How Much Does a Roof Replacement Cost?

Updated: Aug. 29, 2023

Roofs are meant to last, so you might never have to replace yours. If you do, you'll probably need a roofer, because it isn't a job to DIY.

Leaks in any part of the house can be unsettling, but none more than roof leaks. This is personal experience talking.

Our house was constructed in two parts, each with a peaked roof sloping toward a flat area between them. As you might expect, that was a pretty bad design. Leaves collected there and got soaked by rain, eventually rotting the roof decking. Things got so bad the drywall in the kitchen eventually collapsed from all the moisture.

Rebuilding that section of the roof with its own peak solved the problem. The roofer was a friend who charged “family rates” for his time, but the final bill still exceeded $20,000. With California pummeled by a seemingly unending wave of rain and wind, I’m glad we did it.

If you own a house long enough, you’ll face the prospect of roof repairs at some point. The need for an entire roof replacement is less common. A roof can last from 25 to 100 years, depending on how well it’s built, the construction materials and fierceness of weather conditions. When it’s time for a complete tear-off and replacement, here’s what to expect.

National Average Roof Replacement Cost

Many factors go into replacing a roof, which makes quoting an average difficult. It’s a fair bet you’ll pay less than we did for our new section of roof. The job typically entails tearing off and hauling away the covering, making spot repairs to the decking, then installing a new covering with underlayment and flashing.

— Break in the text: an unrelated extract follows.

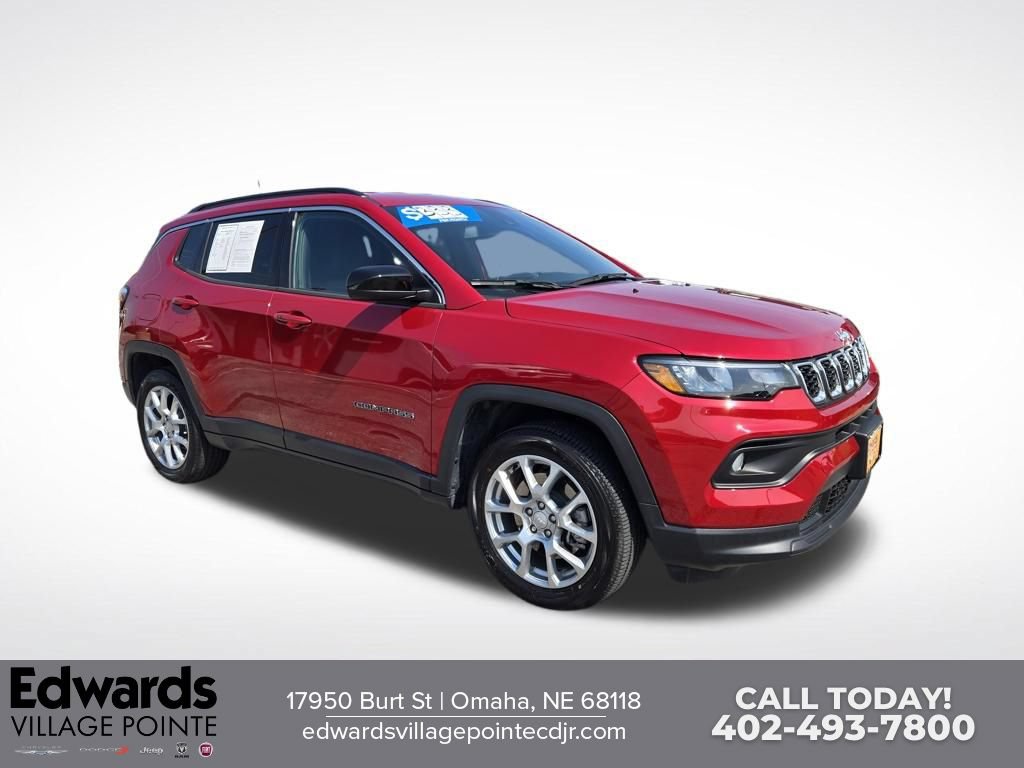 Used 2024 Jeep Compass Latitude AWD/4WD image 1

If you own a really large house with a complex roof, you could pay as much as $22,000 for a roof replacement. In most cases, the cost is lot lower. The national average runs $8,000 and $11,000, and some people may spend as little as $5,000.

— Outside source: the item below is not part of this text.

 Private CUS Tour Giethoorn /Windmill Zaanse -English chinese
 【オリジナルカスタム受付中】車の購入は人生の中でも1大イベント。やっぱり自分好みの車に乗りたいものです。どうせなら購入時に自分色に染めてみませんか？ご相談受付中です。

Factors That Determine the Cost of Roof Replacement

When a roofer comes to your house to assess the job and provide an estimate, the following factors figure into the quote:

  • Size of the roof: Roofers generally measure the area of a roof in squares, each equalling 100 square feet. Typical labor rates range from $150 to $300 per square, the same as $1.50 to $3.00 per square foot.
  • Roofing material: Asphalt shingles, composite and metal roofing are generally the most affordable options. Tiles, slate or cedar shingles cost more.
  • Condition of the roof: If it’s rotting or sagging because from age or frequent ice dams, the infrastructure may need repairs, which hikes the cost.
  • Working conditions: It’s more challenging to work on a really steep roof. That slows the job and increases the labor charge.
  • Roof complexity: A complex roof with many peaks, valleys and obstructions like vents and dormers requires more flashing. The job takes longer and costs more than a simple roof.

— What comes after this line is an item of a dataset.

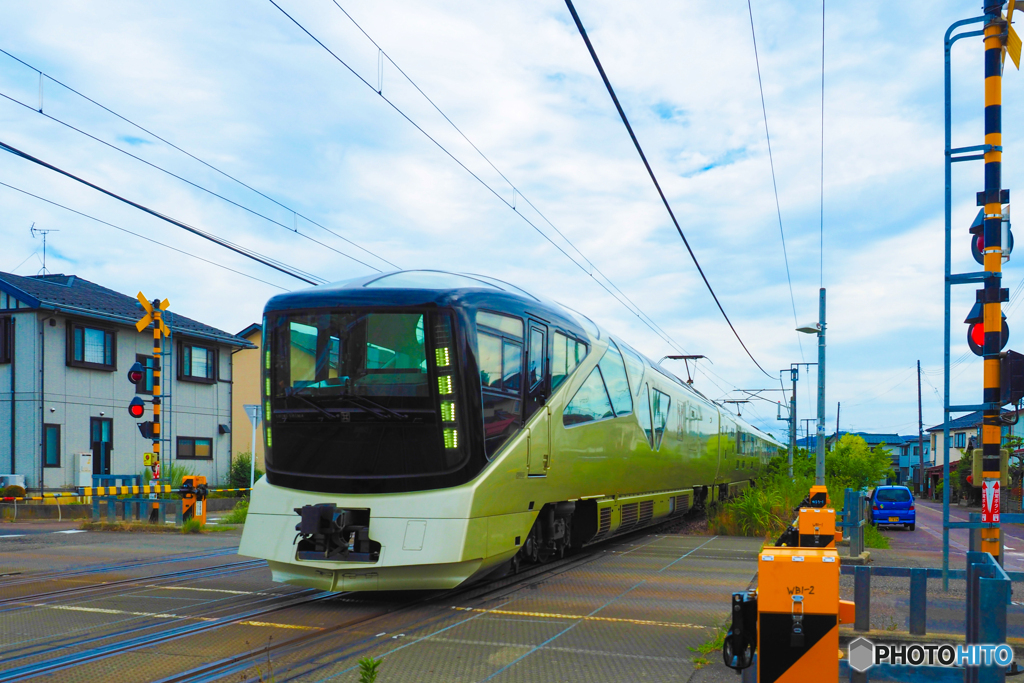 広～い踏切に長～い列車が来た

Questions To Ask Roofing Contractors

Depending on where you live, a roofer generally needs a roofing or general contractor’s license. Ask about proper licensing first. Here are some other questions to ask:

  • What type of insurance do you have? There are three possibilities. General liability covers damage to your home. Worker’s compensation covers injuries to workers. A surety bond covers you in case the job isn’t completed properly or on time. Most licensed contractors carry the first two but bonding is optional in some places, so it’s good to ask.
  • How long have you been in business, and can you provide references? An experienced contractor with a solid reputation is more likely to do a good job, without the need for callbacks, than one just starting out.
  • When can you start, and how long will the project take? Roofers tend to be busy in spring and summer, so you may be put on a waiting list. Once the job starts, the roofer should provide a timeline for completion.
  • Do you do gutters, and is that extra? Not all roofers install gutters, so you may need to line up a contractor for that. Some roofers charge extra for gutters. If so, get a quote for that, too.
  • What type of warranty do you provide? Workmanship warranties can run from five to 25 years. Certified agents for certain materials manufacturers may offer a lifetime warranty, underwritten by the manufacturer, that includes materials and workmanship.

DIY vs. Hiring Pros

While it’s possible to DIY a roof replacement, you shouldn’t. Here’s why:

  • It’s dangerous work.
  • You can damage certain types of roofing materials by walking on them or handling them improperly.
  • Installing and sealing flashing on complex roofs requires skill, and the roof will leak if you don’t do it right.
  • You’ll need a truck to haul the old roofing away.
  • Some manufacturer warranties expressly call for professional installation.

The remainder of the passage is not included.